> **What you have to do**
The following data is to be repeated exactly, its pictures excluded.

> **Listed records**
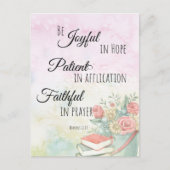 Carte Postale Romains 12:12 Soyez Joyeux dans le verset de la Bi (Devant)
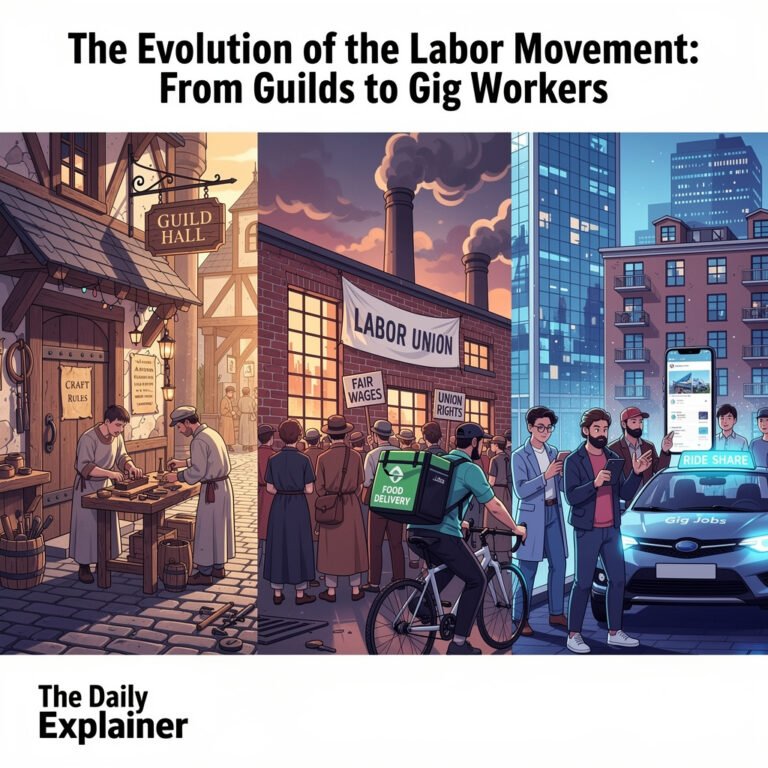 Detailed timeline showing key developments in labor movements from pre-industrial crafts to contemporary platform work organizing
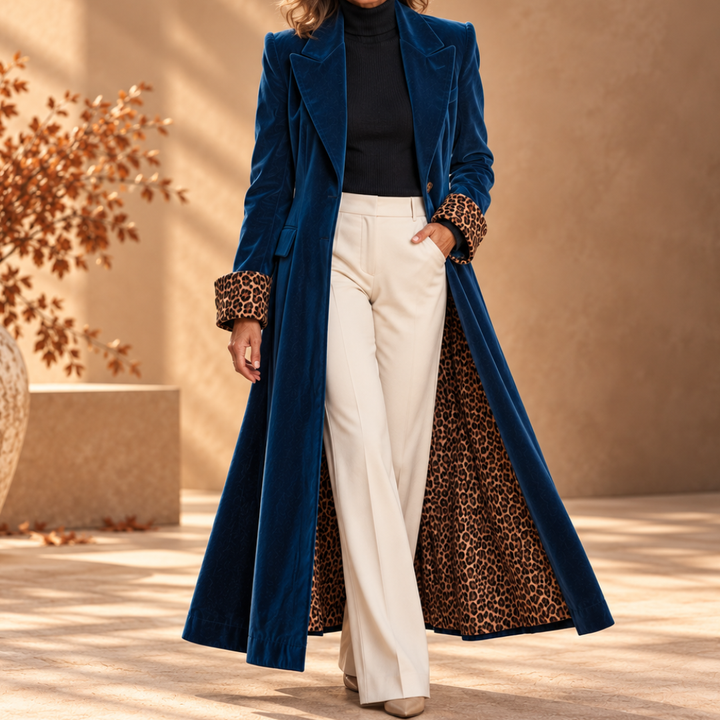 Madison | Manteau long en velours à la coupe tailleur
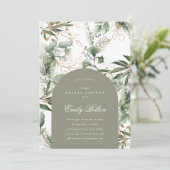 Invitation Arc de mousse simple et élégant Eucalyptus Pampas  (Debout devant)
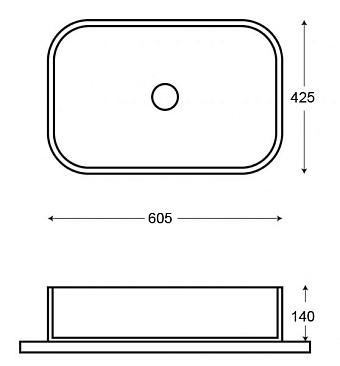 Раковина накладная Azario Gratsiy AZ-78625 60,5х43см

> **Reply**
 Carte Postale Romains 12:12 Soyez Joyeux dans le verset de la Bi (Devant)
 Detailed timeline showing key developments in labor movements from pre-industrial crafts to contemporary platform work organizing
 Madison | Manteau long en velours à la coupe tailleur
 Invitation Arc de mousse simple et élégant Eucalyptus Pampas  (Debout devant)
 Раковина накладная Azario Gratsiy AZ-78625 60,5х43см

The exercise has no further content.